■ Problem description: Omit the images and return the remaining entries unchanged.

[Crawled caption data]
--- START ---

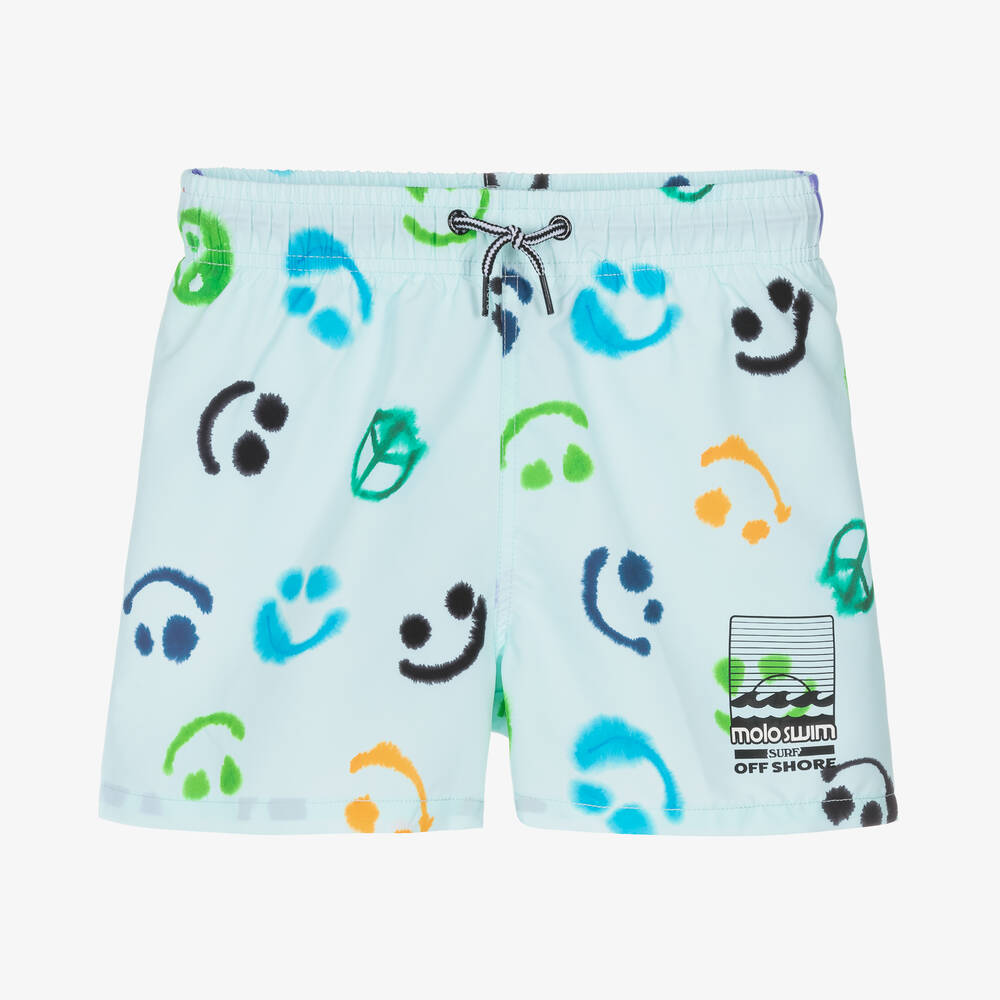 Molo - Teen Boys Blue Smile Swim Shorts (UPF50+) | Childrensalon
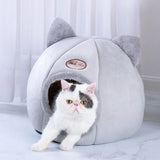 Cozy Cat and Small Dog Cave with Bed: Soft Foldable Winter Bed for Cats and Small Dogs        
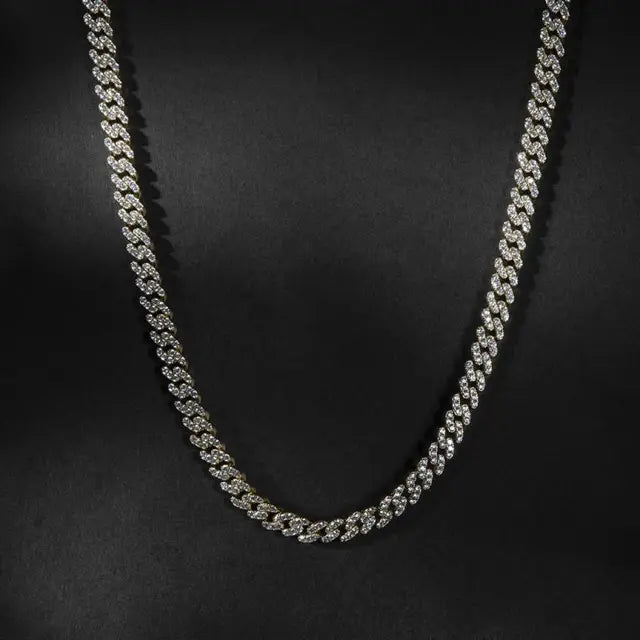 Cadena Cubana Iced Out Plata 13mm – Collar Prong Hip Hop Hombre | PRÉNDELAX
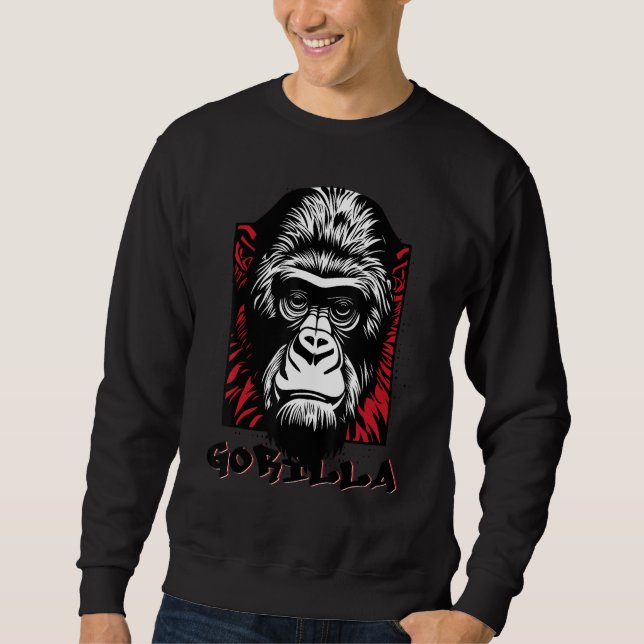 Urban Gorilla Ape Monkey Face  Graffiti Tattoo Sty Sweatshirt (Vorderseite)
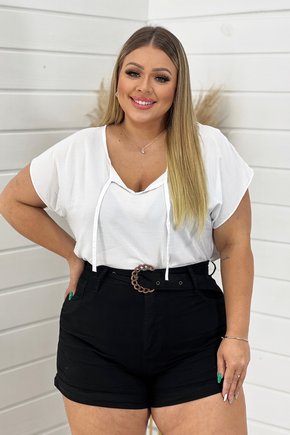 Shorts Jeans Plus Size Escuro com Corda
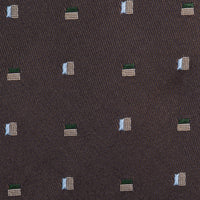 Floral Jacquard Silk Tie - Brown- Hand-Rolled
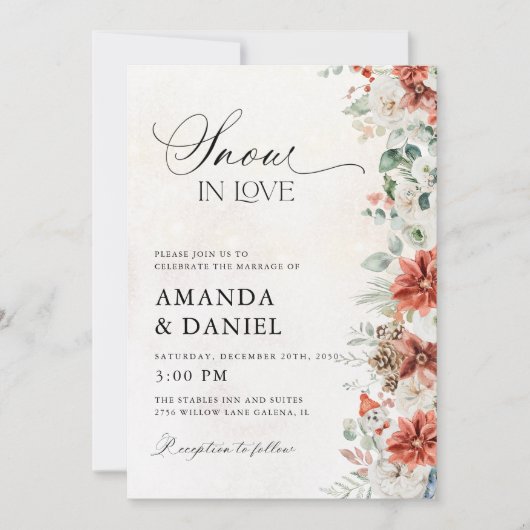 Invitation de mariage d'hiver (Devant)
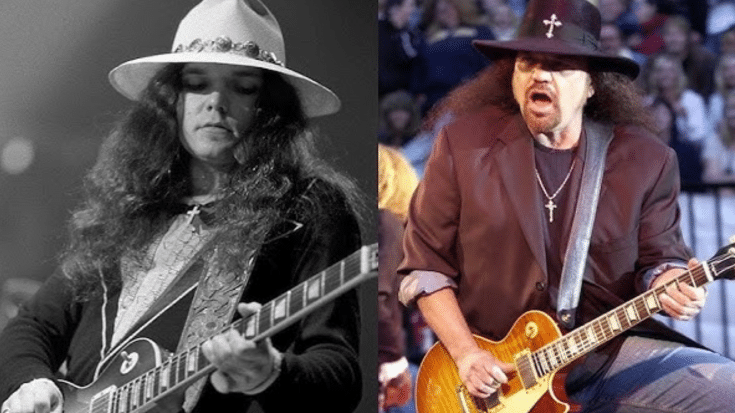 Side-by-side photos of Gary Rossington, Lynyrd Skynyrd guitarist, in a 1970s black-and-white image (left) and a more recent color performance (right).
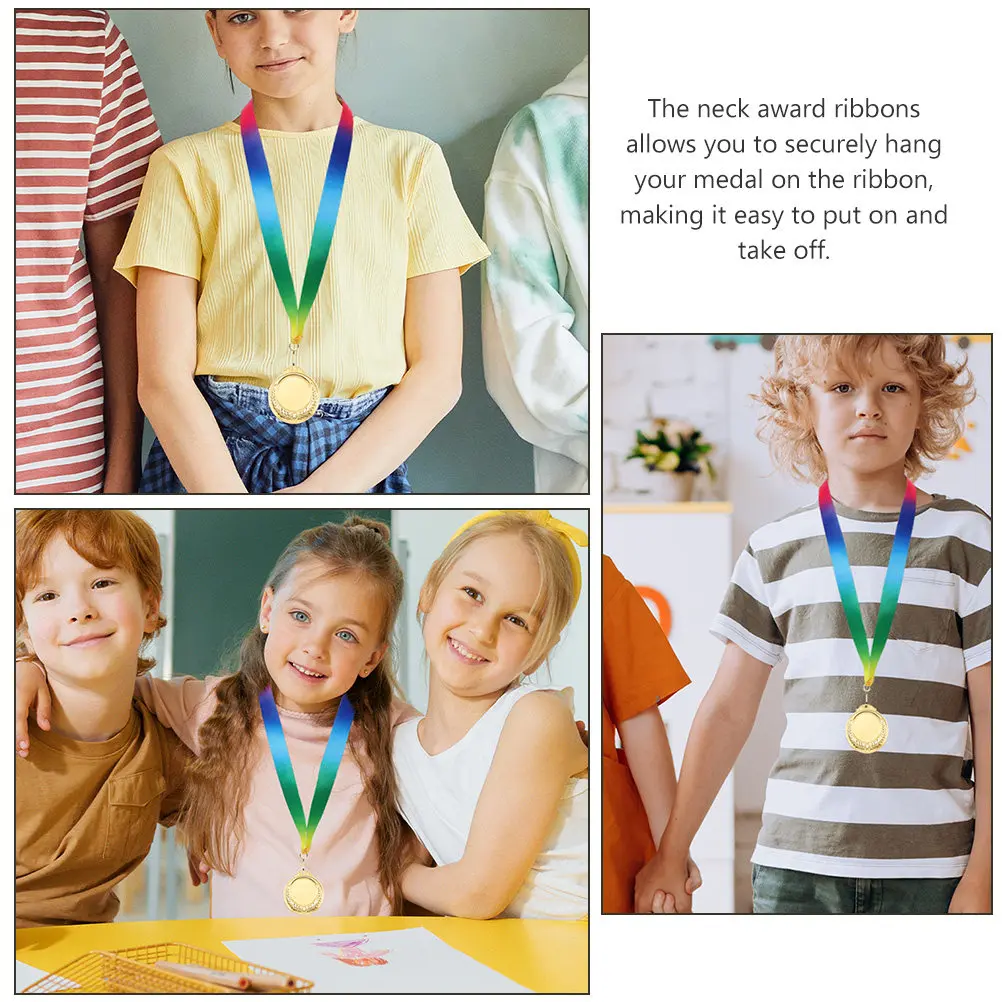 20Pcs Medal Neck Ribbons Award Ribbons for Sports Meeting Competition Relay Races Party Games School Events Multi-Function Medal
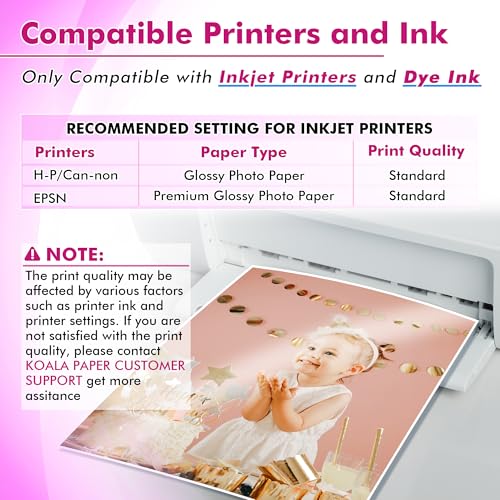 Koala Glossy Inkjet Photo Paper 8.5X11 Inches 48lb 100 Sheets Professional Glossy Photographic Paper Compatible with Inkjet Printer Use DYE Ink 180GSM image 8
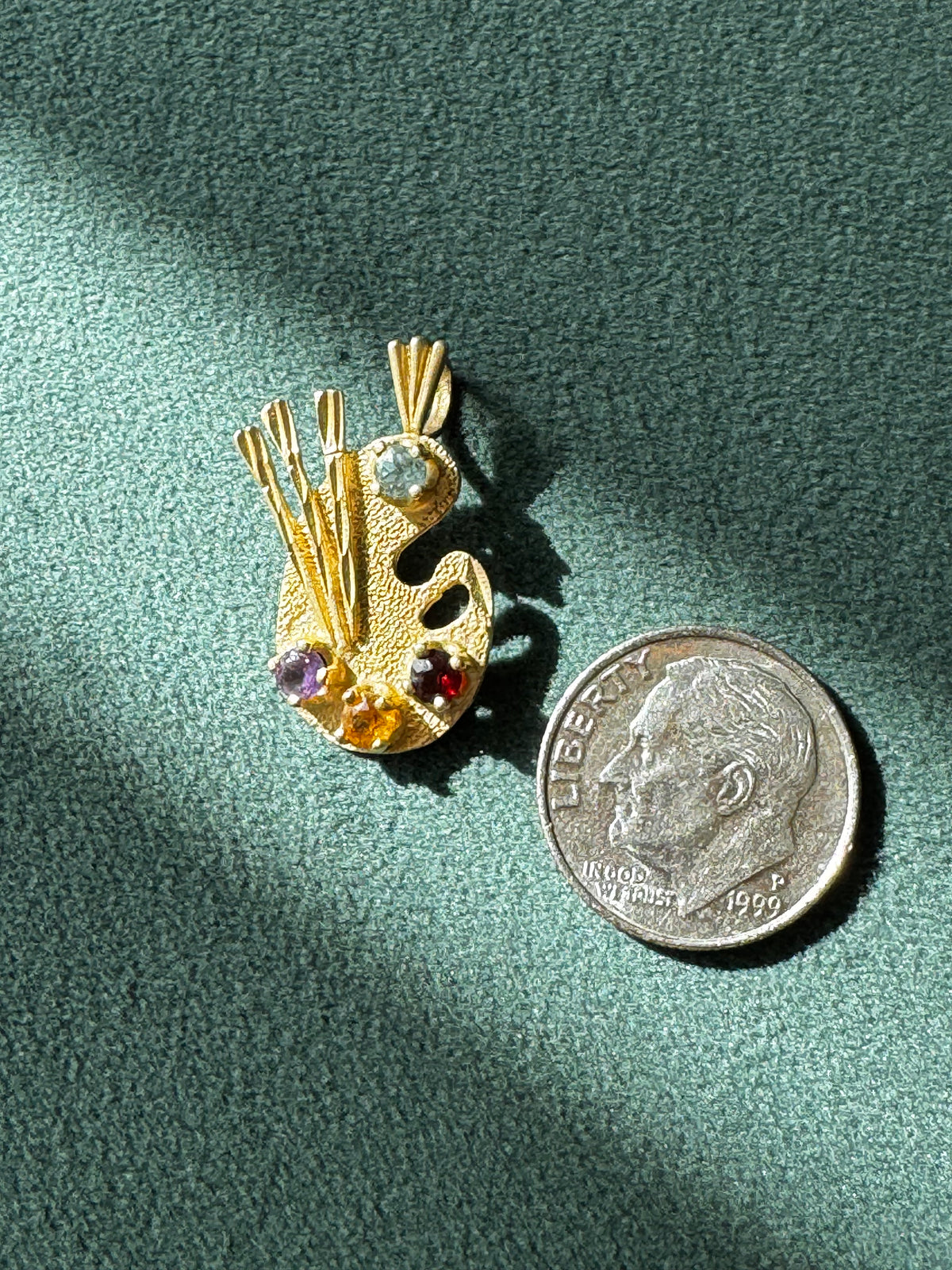14K Yellow Gold Painter's Palette Pendant Charm Diamond Garnet Citrine Amethyst Four Gemstone Artist Jewelry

--- END ---

■ Answer to this problem:
 Molo - Teen Boys Blue Smile Swim Shorts (UPF50+) | Childrensalon
 Cozy Cat and Small Dog Cave with Bed: Soft Foldable Winter Bed for Cats and Small Dogs        
 Cadena Cubana Iced Out Plata 13mm – Collar Prong Hip Hop Hombre | PRÉNDELAX
 Urban Gorilla Ape Monkey Face  Graffiti Tattoo Sty Sweatshirt (Vorderseite)
 Shorts Jeans Plus Size Escuro com Corda
 Floral Jacquard Silk Tie - Brown- Hand-Rolled
 Invitation de mariage d'hiver (Devant)
 Side-by-side photos of Gary Rossington, Lynyrd Skynyrd guitarist, in a 1970s black-and-white image (left) and a more recent color performance (right).
 20Pcs Medal Neck Ribbons Award Ribbons for Sports Meeting Competition Relay Races Party Games School Events Multi-Function Medal
 Koala Glossy Inkjet Photo Paper 8.5X11 Inches 48lb 100 Sheets Professional Glossy Photographic Paper Compatible with Inkjet Printer Use DYE Ink 180GSM image 8
14K Yellow Gold Painter's Palette Pendant Charm Diamond Garnet Citrine Amethyst Four Gemstone Artist Jewelry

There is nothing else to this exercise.